20-letni stoper regularnie grający w Serie A? To nadal rzadkość, możni piłkarskiej Europy musieli to widzieć. I widzieli. W kontekście zainteresowania padały takie nazwy jak Liverpool, Borussia Dortmund czy Sevilla.
Sezon 2020/21 do pewnego momentu był pójściem za ciosem. W międzyczasie Walukiewicz zadebiutował w seniorskiej reprezentacji, grając towarzysko z Finlandią i Ukrainą oraz z Włochami w Lidze Narodów. Z nim na boisku biało-czerwoni nie stracili wtedy ani jednego gola.
Jaka jest sytuacja Sebastiana Walukiewicza w Empoli?
– To dla mnie chyba największa zagadka jeśli chodzi o Polaków we Włoszech. Jego losy są zaskakujące. Po krótkim okresie aklimatyzacji zaistniał w Cagliari i wyglądał naprawdę dobrze. Myślę, że nawet Jakub Kiwior nie miał takich notowań jak on. Wydawało się, że wielki klub jest przed nim, a później nastąpiło jakieś nieprawdopodobne załamanie: i indywidualne, związane w dużej mierze z kontuzją, i zespołowe – mówi nam ekspert od włoskiej piłki Tomasz Lipiński, którego możecie oglądać w Kanale Sportowym i C+ oraz czytać w tygodniku „Piłka Nożna”.
Nieszczęsne biodro
Walukiewicz w trakcie drugiego sezonu zaczął popełniać więcej błędów, ale w gruncie rzeczy wszystko co złe zaczęło się w lutym 2021, gdy stery w Cagliari przejął Leonardo Semplici. Trener ten postawił na doświadczonych zawodników, młodzież poszła w odstawkę. Semplici wykonał zadanie, wywalczył utrzymanie, a w jego miejsce przyszedł Walter Mazzari. On z miejsca zaufał Polakowi, tyle że ten dość szybko musiał się poddać i wreszcie położyć się na stole operacyjnym. Z bólem biodra nie mógł już wygrać.
– Od dziecka miał tę nieszczęsną narośl na biodrze. To było pewne, że kiedyś będzie musiał iść pod nóż. Zanim poddał się zabiegowi, przez pół roku grał z tą kontuzją i nie grał dobrze. Nie chciał się operować, bo wiedział, że jest to niebezpieczne, ale prawda jest taka, że się męczył. Gdy lekarze go „otworzyli”, okazało się, że ta narośl mu się w biodrze oderwała.
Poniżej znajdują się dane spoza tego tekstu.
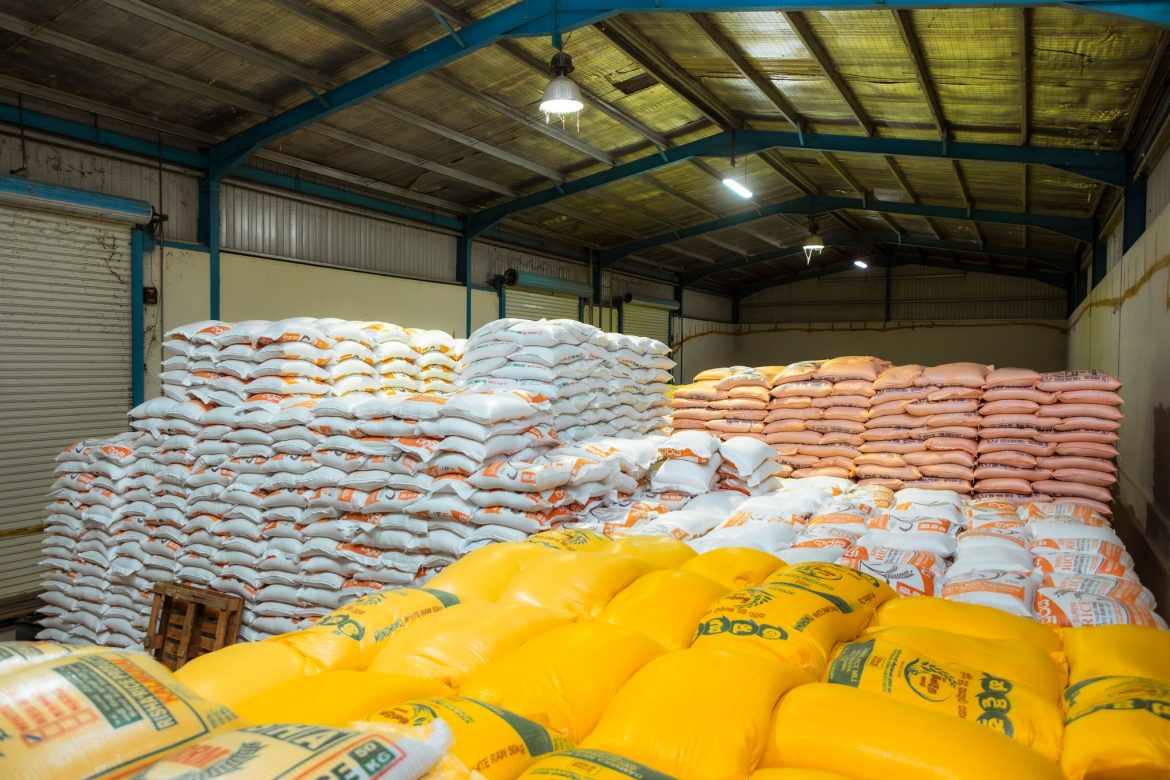 මරඳගහමුල සහල් ගබඩා පිරෙයි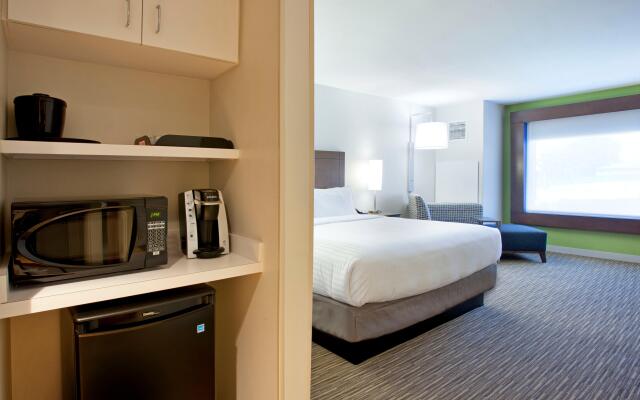 Holiday Inn Express & Suites Austin Downtown - University, an IHG Hotel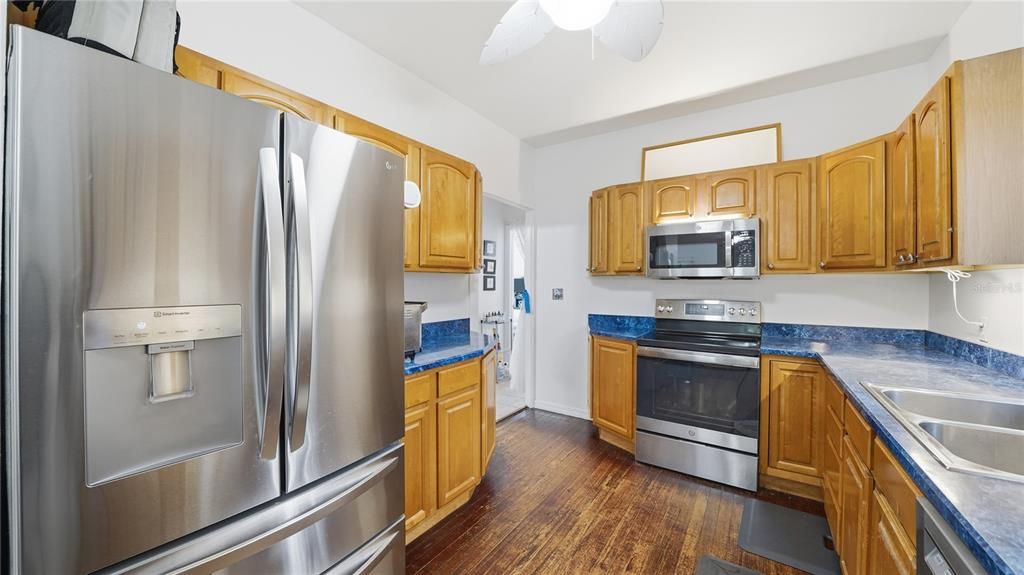 For Sale: $394,900 (2 beds, 1 baths, 880 Square Feet)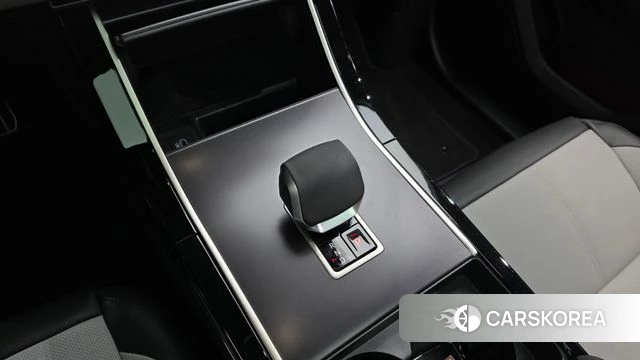 Land Rover Range Rover Velar 2025 Черный из Кореи, фото 4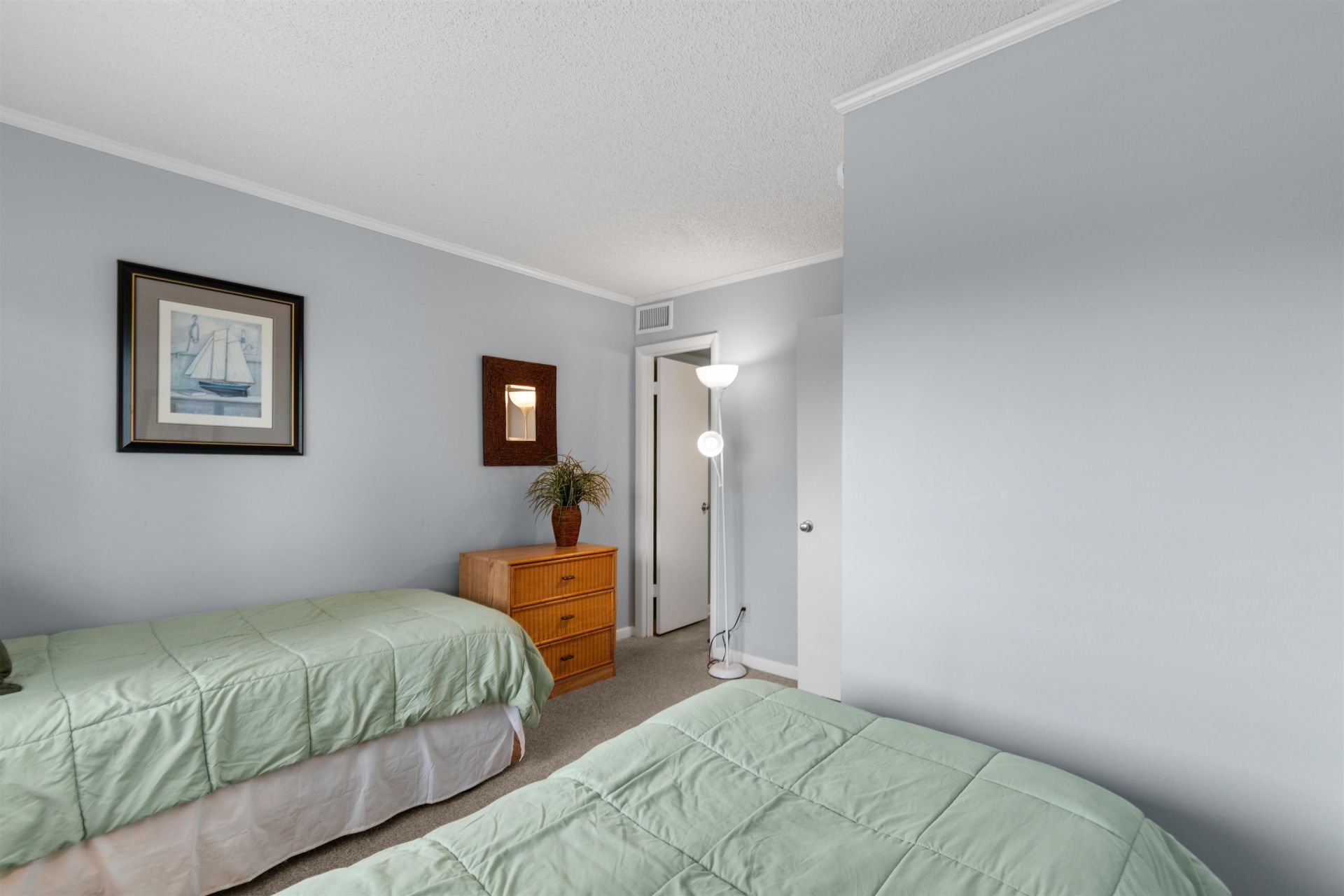 202 N Ocean Blvd. Photo 26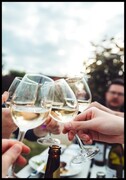 Plakat toast białym winem De Art s.c.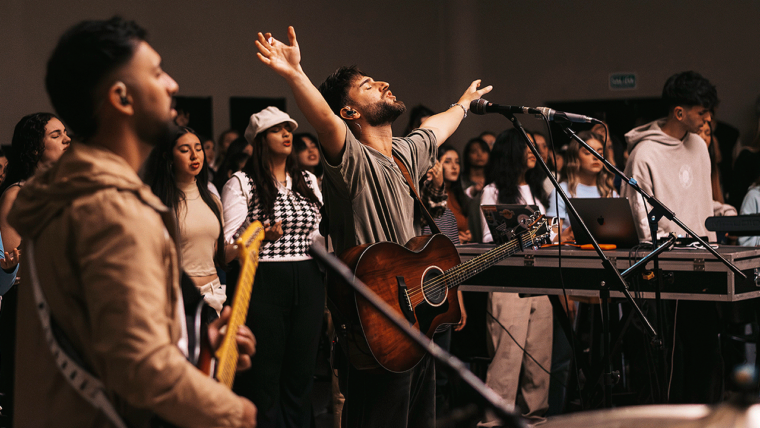 Factor de Cambio Worship estrena su sencillo, Uno en Cristo.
Musiał grać z gigantycznym bólem. To z nim najpierw walczył na boisku, dopiero potem z rywalem – przyznaje agent zawodnika Tomasz Suwary.
I dodaje: – To, że wrócił do piłki po takiej kontuzji, to naprawdę duża rzecz. Bez charakteru i solidności Sebastiana nie byłoby to możliwe. Wielu na jego miejscu po operacji biodra już by nie grało.
Dużo ofert latem
Ligowa przerwa Walukiewicza trwała od 26 września 2021 do 3 kwietnia 2022. Ponad pół roku. Do końca poprzedniego sezonu dwa razy wszedł w Cagliari na parę minut, pozostałe sześć spotkań przesiedział na ławce.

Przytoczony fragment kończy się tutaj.